WORK INSTRUCTION: Return only those lines of the listing in which "brown" appears.

EXERCISE DATA:
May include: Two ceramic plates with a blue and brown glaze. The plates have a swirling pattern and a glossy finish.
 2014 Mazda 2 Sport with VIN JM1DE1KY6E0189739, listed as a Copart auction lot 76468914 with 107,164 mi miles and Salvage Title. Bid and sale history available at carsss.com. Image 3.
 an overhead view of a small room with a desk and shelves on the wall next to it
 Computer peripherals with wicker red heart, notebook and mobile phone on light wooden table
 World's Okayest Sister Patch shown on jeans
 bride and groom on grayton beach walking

--

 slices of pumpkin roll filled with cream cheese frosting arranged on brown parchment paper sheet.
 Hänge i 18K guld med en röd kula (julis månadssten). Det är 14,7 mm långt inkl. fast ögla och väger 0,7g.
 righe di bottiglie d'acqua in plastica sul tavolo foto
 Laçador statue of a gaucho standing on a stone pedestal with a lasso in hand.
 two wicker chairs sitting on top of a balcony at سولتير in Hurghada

ANSWER:
May include: Two ceramic plates with a blue and brown glaze. The plates have a swirling pattern and a glossy finish.
 slices of pumpkin roll filled with cream cheese frosting arranged on brown parchment paper sheet.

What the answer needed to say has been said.